Should college athletes get paid?

By Elad De Piccioto
 Adam Bettcher / Stringer
CBS will pay over a-billion-dollars-a-year for broadcasting the NCAA` March Madness tournament up until 2023, and not much of that arrives at the hands of the broadcast’s stars themselves (at least not directly).  There is an ongoing gashing conversation about whether college athletes should be paid or not. The question arises primarily regarding football and basketball student-athletes, since they bring in most of the money. Here are three arguments for and three arguments against it:


Three Reasons why they should get paid:

The difficulty to implement is no excuse
An important argument coming from those who oppose paying college athletes is the expected difficulty to implement such a far reaching move. Questions like who will pay for students (NCAA or colleges), how often will they get pay, and will there be a salary cap, are just part of the difficulties expected. The main question regards the equitable application of paying college athletes, namely who will get paid, and who wouldn’t.
Since the debate was sparked over the NCAA income from broadcasting, the answer is simple: the athletes who bring in the big money, namely, men’s basketball and football players, will get paid. Others won’t. They are the ones who provide a good time that people who are willing to pay for it, so they deserve to get paid. Baseball, soccer, lacrosse, and others, get nothing. That is capitalism, and that`s how it works in the USA. It might not be perfect, but it is better than how it is now.


Athletes risk their body and are exposed to permanent damage

One of the favorite things about college sports is the player`s enthusiasm. Their love and passion for the game is admirable, and make college sports what it is. But there is a bad side to it; many college athletes suffer serious injuries that sometimes end their career.

Setting aside the disturbing fact that a career-ending injury will stop their scholarship, those athletes put their bodies at risk of permanent damage, without being paid. Hurting your knee might leave you limping for the rest of your life. Suffering concussions can cause dementia and depression. Those athletes put their bodies on the line each training session, each game they play. It is only right to pay them for it.


It wouldn`t take away the purity and the magic in college sports

It`s common to think paying college athletes can detract from that purity of the game, and ruin that magic. But it won`t.

College sports fire up a different excitement for the fans, there`s no doubt about that. The passion we see on the court is attributed to the fact that there is no money involved.

But there is. The cat is out of the bag.
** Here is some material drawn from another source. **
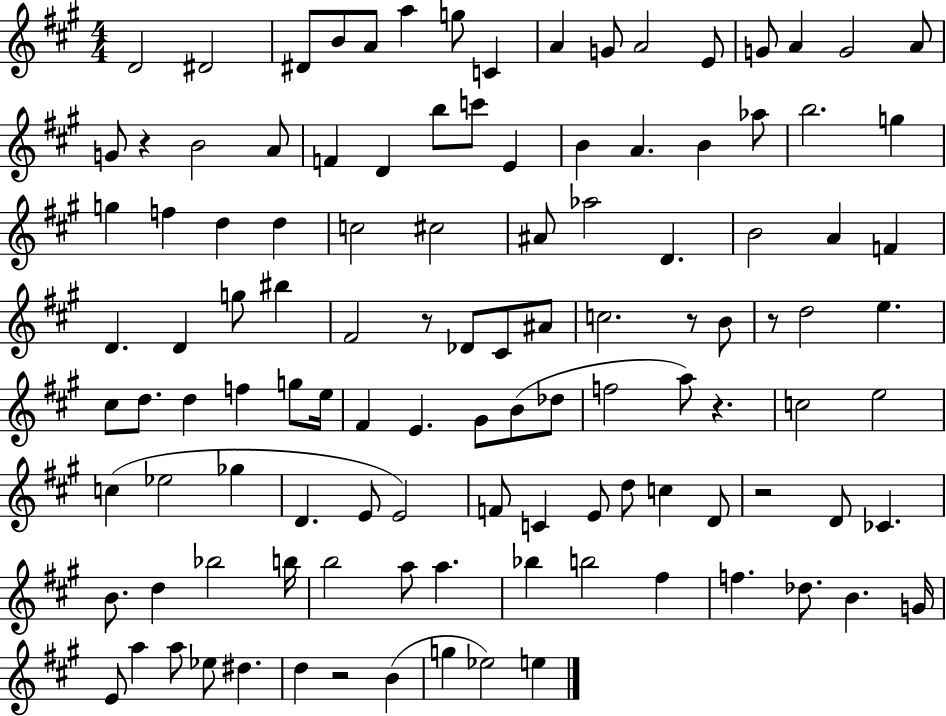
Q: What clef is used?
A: treble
Big money is involved and now that we all know it (including some players who feel used). the magic is gone, at least to some extent. The purity of that game vanished the second the NCAA signed that agreement with CBS. If we`re really concerned about the purity of the game, we should want athletes to be paid.
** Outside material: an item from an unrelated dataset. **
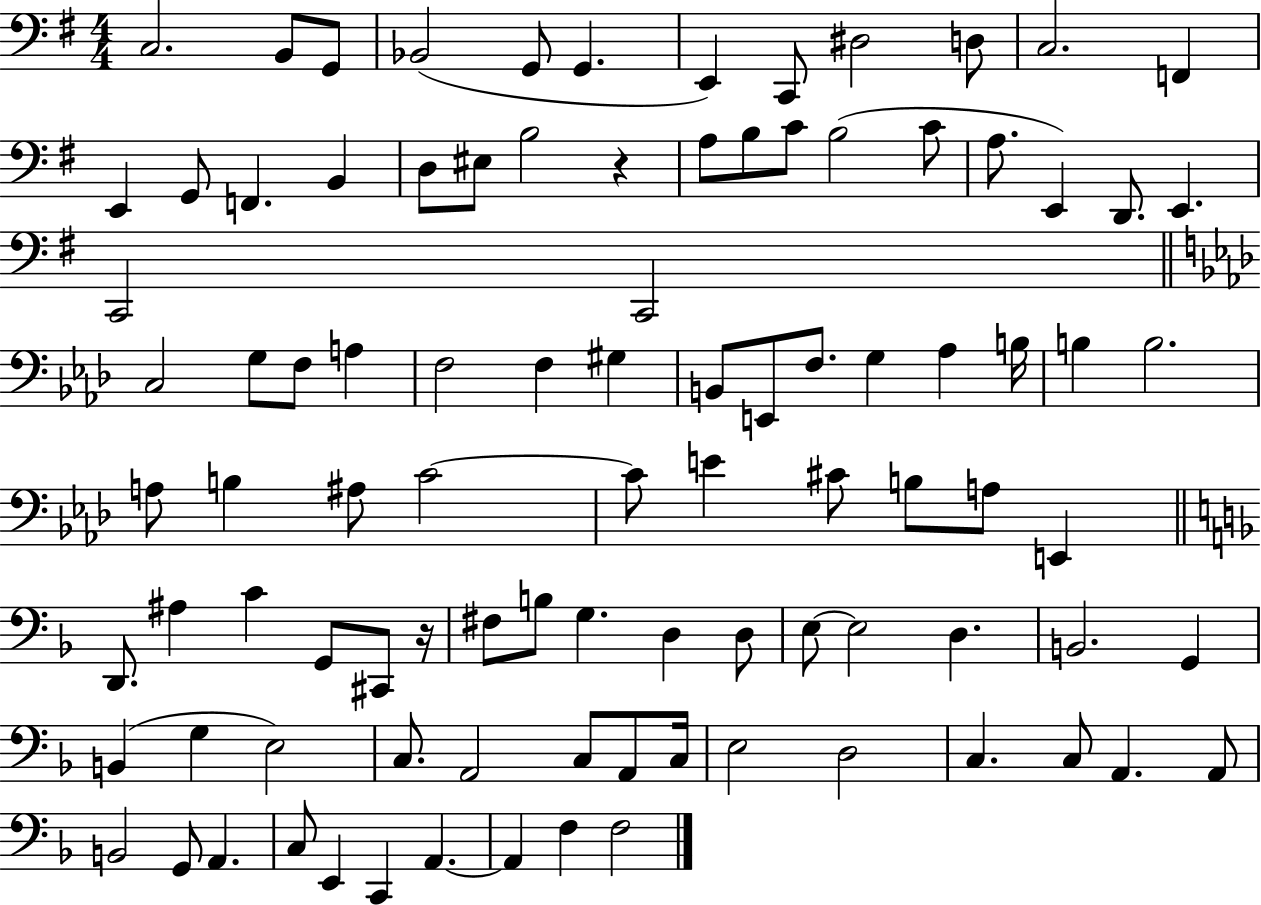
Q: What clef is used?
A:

Three reasons why they should not get paid


The difference for college athletes is marginal in term of money

If salaries will replace scholarships in college sports, athletes won’t earn much more. In fact, an impressive 100,000$ year salary for college athlete will grant him a few hundred dollars more per year. 

A full athletic scholarship at an NCAA Division I university is about $65,000 a year. This includes tuition, room, board, and books (if you enroll at a college with high tuition). Since it’s a salary, not a scholarship, it will be subjected to federal and state income taxes. Out of the 100,000$ a year salary, a net of $65,100 will remain for the student. The difference is marginal.


Earning big money too soon can be harmful

People argue that paying collage athletes will help them to create a sense of financial awareness. Poor investments, trusting unethical financial advisors and lavish spending habits, are some of the main reasons professional athletes are getting broke after their retirement, according to ESPN documentary, “Broke”.

As always, there is another side to that coin. Due to their youth and recklessness, college athletes will be much more prone to make bad financial decisions, like trusting an unethical financial advisor. Do you really believe light-minded college student, who will be handed a huge amount of money, will act out of financial awareness?


Paying big money for college students miss the purpose of college

College is about preparing you for the real life. It supposed to give you the tools and abilities to make it after college. In that manner, college athletes are no different than other college students, who practice in hospitals, law firms or advertising agencies. They all work hard for no money, why should athletes be different?

A lot of kids today are impatience and suffer deeply from an inability to delay gratification. College can teach them a great life lesson; in real life, you have to work hard and wait for your chance. They need to acknowledge and be thankful for this lesson. Paying big money for those youngsters would be far from being the ideal preparation for life.


Bottom line:

Paying big money for college athletes can be harmful and miss the purpose of college, especially when the difference in term of money is marginal. On the other hand, not paying athletes who risk at getting injured every game is morally wrong.  If you had the NCAA ear, would you recommend changing the current practice?